The Dutch Aesthetic 101: Recipes
Vincent’s Sun Flour, from

Only a few things are more Dutch than Vincent Van Gogh, his name is practically synonymous with the Dutch aesthetic. While it’s hard to pin down the quintessential Dutch style, it is nevertheless unmistakable: be it Dutch bikes with their Old-Dutch handlebars, or industrial Dutch beds made popular by period films, or the Dutch ovens demanded by every other recipe in any respectable cookbook. 

Opening July 1st, the Immersive Van Gogh Exhibit will present a great opportunity to revel in the works of an artist that inspired a generation of Dutch designers and tinkerers whose created are renowned on the global stage. 

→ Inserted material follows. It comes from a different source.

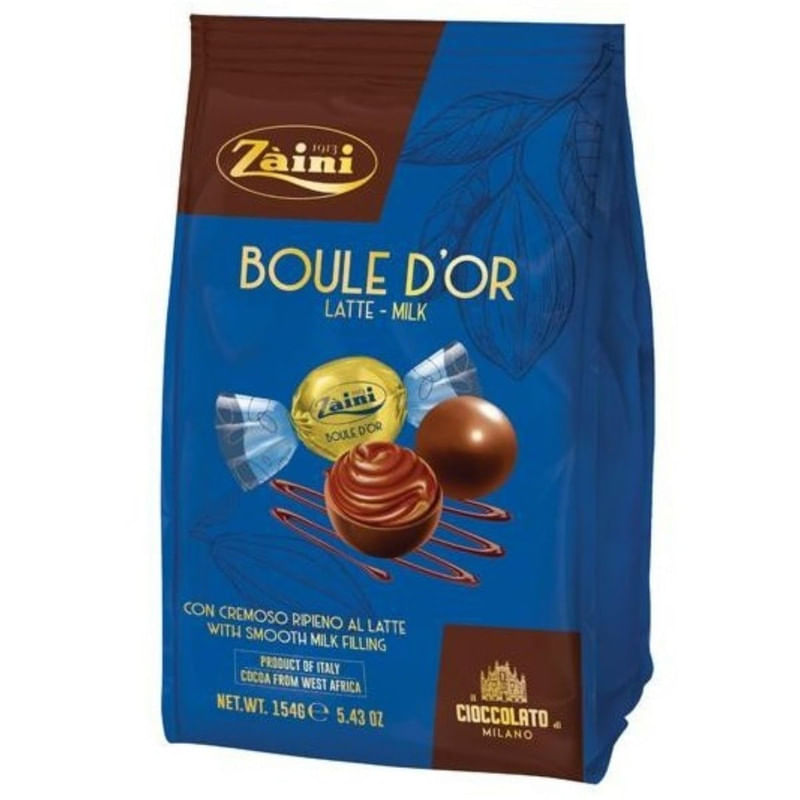 Bombom de Chocolate ao Leite Recheado Zàini Boule D&apos;or Latte Milk Pacote 154g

Speaking of Dutch ovens, when’s the last time you actually made something Dutch in one of those? Eclipsed by their French and Italian neighbours to the south, Dutch cuisine is often looked over on the smorgasbord of European culinary culture. So to bring out your inner Dutch masterchef ahead of the Immersive Van Gogh Exhibit, we’ve put together some of the best classic Dutch recipes on the web. 

Dutch cuisine tends to be on the minimalist side of elegant, with lots of vegetables, cheeses and cured meats. These recipes, much like Van Gogh’s paintings, are proof of all the complex and colourful things that can be done with simple ingredients.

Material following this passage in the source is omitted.